Give only the number of lines in the data that contain the word "Dunk".

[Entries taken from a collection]
══════════════════════════════

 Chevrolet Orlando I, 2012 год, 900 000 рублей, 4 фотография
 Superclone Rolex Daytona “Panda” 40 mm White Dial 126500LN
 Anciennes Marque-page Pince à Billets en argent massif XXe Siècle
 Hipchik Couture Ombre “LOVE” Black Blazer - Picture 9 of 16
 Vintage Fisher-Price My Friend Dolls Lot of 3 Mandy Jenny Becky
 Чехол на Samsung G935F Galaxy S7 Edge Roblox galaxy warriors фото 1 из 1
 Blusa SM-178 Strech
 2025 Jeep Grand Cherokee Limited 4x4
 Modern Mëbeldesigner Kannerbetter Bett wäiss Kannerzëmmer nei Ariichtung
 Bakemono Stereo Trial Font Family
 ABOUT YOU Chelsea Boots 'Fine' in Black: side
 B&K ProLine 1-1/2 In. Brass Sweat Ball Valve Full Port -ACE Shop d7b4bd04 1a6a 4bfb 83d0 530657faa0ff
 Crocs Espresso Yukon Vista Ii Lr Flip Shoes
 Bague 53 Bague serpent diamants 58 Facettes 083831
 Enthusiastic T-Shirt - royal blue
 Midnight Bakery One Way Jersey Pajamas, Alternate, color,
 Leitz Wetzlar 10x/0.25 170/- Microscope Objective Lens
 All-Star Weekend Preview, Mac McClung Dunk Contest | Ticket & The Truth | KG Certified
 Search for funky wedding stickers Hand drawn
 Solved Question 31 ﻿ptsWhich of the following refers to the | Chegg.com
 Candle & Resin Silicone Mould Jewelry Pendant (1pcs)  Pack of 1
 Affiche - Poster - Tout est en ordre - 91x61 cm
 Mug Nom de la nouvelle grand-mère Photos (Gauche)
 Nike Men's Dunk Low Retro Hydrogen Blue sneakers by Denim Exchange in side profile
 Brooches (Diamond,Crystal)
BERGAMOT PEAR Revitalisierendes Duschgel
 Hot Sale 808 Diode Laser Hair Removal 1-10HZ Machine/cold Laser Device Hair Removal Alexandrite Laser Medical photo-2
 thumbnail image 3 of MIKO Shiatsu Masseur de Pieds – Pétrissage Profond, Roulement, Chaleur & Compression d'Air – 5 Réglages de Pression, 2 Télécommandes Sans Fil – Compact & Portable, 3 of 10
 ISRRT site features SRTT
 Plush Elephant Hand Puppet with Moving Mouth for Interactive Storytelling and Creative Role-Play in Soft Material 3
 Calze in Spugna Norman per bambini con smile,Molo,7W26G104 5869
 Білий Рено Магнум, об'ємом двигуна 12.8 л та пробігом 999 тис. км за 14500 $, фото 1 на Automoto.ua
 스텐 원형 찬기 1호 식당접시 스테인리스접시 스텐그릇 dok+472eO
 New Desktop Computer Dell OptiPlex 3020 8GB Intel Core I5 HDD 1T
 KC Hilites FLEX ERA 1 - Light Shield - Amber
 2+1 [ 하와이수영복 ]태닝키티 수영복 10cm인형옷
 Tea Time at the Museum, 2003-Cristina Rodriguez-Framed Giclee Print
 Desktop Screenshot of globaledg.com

══════════════════════════════

▶ EXERCISE SOLUTION:
2